Schools failed most of us in how we’ve developed our reading comprehension skills. I feel like 90% of the world’s problems would be easier to solve if most of us would just read beyond the damn headlines.
Again, self-reliance is underrated. Still, there is a sick irony with living in a society where self-reliance is largely dependent on one’s ability to earn and keep money. When you look at it that way, it’s not very reliant at all.
When in doubt, Gin & Tonic.
I spent two years hosting trivia on a mic. Every night there was at least one person who thought they were clever and wanted to go toe-to-toe with me. A quick joke about their mothers or alluding to their impotency usually shut them up. Those who wanted to toe-up to me and then got offended were the quickest one to go running to my manager. It sucked, sure. But when the end-times come and there are no managers, I know who will be first on the menu.
There is a special place in hell for people who go out of the way to leave a bad review on a public website.

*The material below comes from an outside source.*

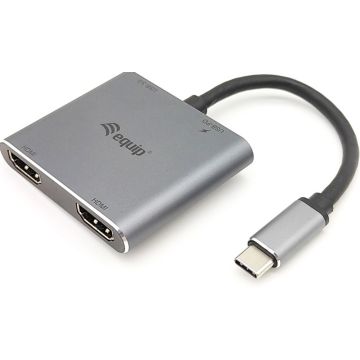 Equip Adapter USB-C -> 2xHDMI,USB-A3.0,PD 4K30Hz 0.15m si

There is an even worse place for people who leave four out of five stars but still enjoyed their experience. For the most part, your opinion sucks. If there was a real problem - like, health and safety kind of shit - then do the real work of contacting someone who can solve the problem.
Bluegrass music is beautiful because it is simple. The simple part is what screws up some musicians.
A valuable skill: learning to cut people off and out of your life. Hard stop, no exceptions. Regardless of who is right or wrong - if they make you feel like shit, can em. Forever. Don’t go back, you don’t owe them anything.
When I worked in office jobs I saw how lazy everyone could be. People were paid 80K a year to talk about last night’s sporting event - and we didn’t work in sports. No wonder we have a fucked up idea of money.
A shower should feel like salvation. Climbing into bed should feel post-orgasmic. Otherwise, you haven’t worked hard enough
Few things determine the strength of a relationship like a leaky tent in a rainstorm. To some, it’s the end of the world. To others, dawn is only a few hours away.
You can rest assured that most people are pretty bad at their jobs. For the most part, this is fine until you need something from them.
Politeness, manners, and “acting normal” are enforced by people who couldn’t tell a joke to save their life. Be weird.
You don’t owe anyone, anything. Most debts are forgotten until you find out that you need something.
Most people are always trying to sell you on something.
The stars are always there, I promise. If you can’t see them then it may be time to move.